Investors may be more inclined to bet on the yen strengthening than the franc because of the SNB’s resolve to defend its currency, according to Daragh Maher, a foreign-exchange strategist at HSBC Holdings Plc in London.
“There is a natural hunt on for safe havens given the uncertainty over Ukraine, but the ability of the CHF to play this role is severely curtailed by the proximity of the floor,” said Maher. “So if you want to be protected against an escalation of tensions, you have more room for gains being long the yen than you do being long the franc.”
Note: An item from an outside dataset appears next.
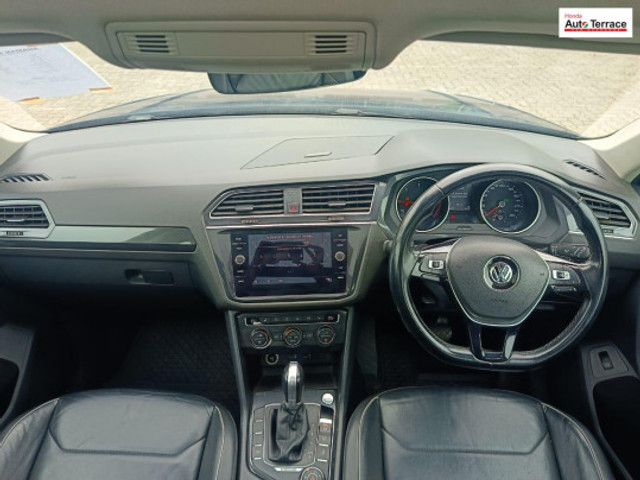 Second-hand 2017 Volkswagen Tiguan 2.0 TDI Highline for sale in Mumbai-8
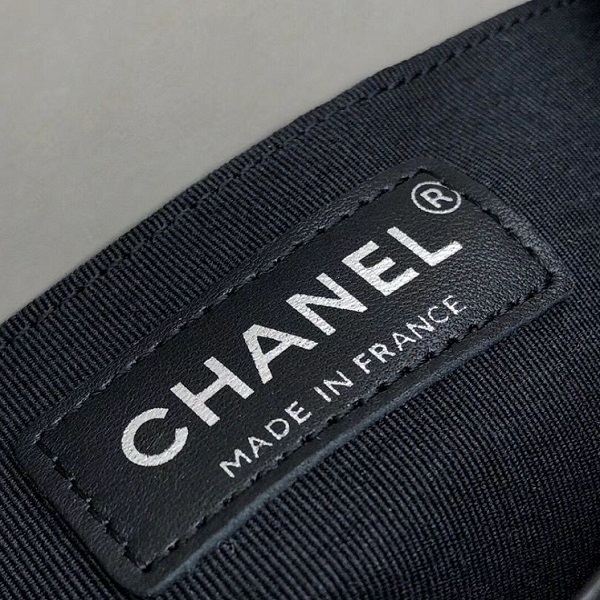 シャネル スーパーコピー 19SS CHANEL BOY スモール ハンドバッグ A67085 Y09953 94305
U.S. Secretary of State John Kerry headed to Kiev after the leaders of the Group of Seven nations condemned Russia’s actions as a clear violation of Ukraine’s territorial integrity. While Putin ordered soldiers in western Russia to return to their bases as military exercises ended on schedule today, the Kremlin continues to have 16,000 troops deployed in Crimea.
Options traders are backing away from bets on a weaker Swiss currency.
The premium for options betting on the franc falling versus the euro in 12 months, versus equivalent bets on an advance, has narrowed. The one-year 25-delta risk-reversal rate reached 0.28 percentage point yesterday, the lowest since May 2013, and was at 0.34 percentage point today.
The SNB’s foreign reserves holdings stood at 437.7 billion Swiss francs ($495 billion) in January, compared with 435.2 billion francs in December, data on its website showed Feb 7. Economists had expected them to remain steady at 435.8 billion francs, according to the median of five estimates.
The dollar and the yen will likely be the beneficiaries if SNB defends its cap of 1.20 per euro, said Clement Miller, a Baltimore-based investment strategist at Wilmington Trust Investment Advisors, which manages $79 billion.
“They have the resources to defend the 1.20,” Miller said by phone. “It’s just a question of how much in resources are required to do that. It’s a question of how serious and how protracted this whole crisis becomes.”